Task:
Would you please copy the part of the material below that opens with the line containing "Majestic Giraffe in" and closes with the line containing "SUNNEKO 3 PCS"? Copy it exactly, and only it.

=== Section Start ===

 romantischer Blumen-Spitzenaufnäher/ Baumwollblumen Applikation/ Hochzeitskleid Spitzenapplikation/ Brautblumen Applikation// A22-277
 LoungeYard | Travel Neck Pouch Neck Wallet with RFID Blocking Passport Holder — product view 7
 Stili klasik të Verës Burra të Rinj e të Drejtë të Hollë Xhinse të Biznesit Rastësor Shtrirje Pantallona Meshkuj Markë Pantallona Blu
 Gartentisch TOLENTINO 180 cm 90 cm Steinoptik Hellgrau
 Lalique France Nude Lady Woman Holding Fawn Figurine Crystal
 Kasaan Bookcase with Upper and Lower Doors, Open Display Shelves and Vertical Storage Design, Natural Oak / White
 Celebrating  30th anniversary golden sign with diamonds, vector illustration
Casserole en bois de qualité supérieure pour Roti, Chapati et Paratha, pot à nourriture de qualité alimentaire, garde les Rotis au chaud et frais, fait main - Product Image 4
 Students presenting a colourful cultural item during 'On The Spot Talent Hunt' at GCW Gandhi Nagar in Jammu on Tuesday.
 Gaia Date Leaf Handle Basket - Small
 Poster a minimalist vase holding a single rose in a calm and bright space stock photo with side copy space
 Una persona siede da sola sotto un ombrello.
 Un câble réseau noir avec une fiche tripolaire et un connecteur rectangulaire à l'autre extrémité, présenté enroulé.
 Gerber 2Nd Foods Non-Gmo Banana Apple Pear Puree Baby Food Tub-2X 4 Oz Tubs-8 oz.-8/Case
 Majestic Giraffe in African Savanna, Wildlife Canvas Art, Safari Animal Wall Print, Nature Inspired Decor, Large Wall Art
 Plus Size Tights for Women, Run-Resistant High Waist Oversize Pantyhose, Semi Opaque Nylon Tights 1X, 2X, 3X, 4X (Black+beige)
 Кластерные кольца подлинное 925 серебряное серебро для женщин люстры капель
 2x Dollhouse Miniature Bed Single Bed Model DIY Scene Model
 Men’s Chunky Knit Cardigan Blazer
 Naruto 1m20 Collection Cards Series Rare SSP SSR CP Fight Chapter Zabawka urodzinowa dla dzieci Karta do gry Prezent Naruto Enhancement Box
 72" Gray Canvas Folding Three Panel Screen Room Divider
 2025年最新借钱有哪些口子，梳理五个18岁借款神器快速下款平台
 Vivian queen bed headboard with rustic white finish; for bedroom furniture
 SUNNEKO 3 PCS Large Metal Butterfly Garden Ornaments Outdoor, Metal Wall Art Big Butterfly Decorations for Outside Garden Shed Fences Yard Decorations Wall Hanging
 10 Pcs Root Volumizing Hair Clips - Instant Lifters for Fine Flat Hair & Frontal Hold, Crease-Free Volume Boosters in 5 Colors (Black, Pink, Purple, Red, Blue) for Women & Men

=== Section End ===

Your response:
 Majestic Giraffe in African Savanna, Wildlife Canvas Art, Safari Animal Wall Print, Nature Inspired Decor, Large Wall Art
 Plus Size Tights for Women, Run-Resistant High Waist Oversize Pantyhose, Semi Opaque Nylon Tights 1X, 2X, 3X, 4X (Black+beige)
 Кластерные кольца подлинное 925 серебряное серебро для женщин люстры капель
 2x Dollhouse Miniature Bed Single Bed Model DIY Scene Model
 Men’s Chunky Knit Cardigan Blazer
 Naruto 1m20 Collection Cards Series Rare SSP SSR CP Fight Chapter Zabawka urodzinowa dla dzieci Karta do gry Prezent Naruto Enhancement Box
 72" Gray Canvas Folding Three Panel Screen Room Divider
 2025年最新借钱有哪些口子，梳理五个18岁借款神器快速下款平台
 Vivian queen bed headboard with rustic white finish; for bedroom furniture
 SUNNEKO 3 PCS Large Metal Butterfly Garden Ornaments Outdoor, Metal Wall Art Big Butterfly Decorations for Outside Garden Shed Fences Yard Decorations Wall Hanging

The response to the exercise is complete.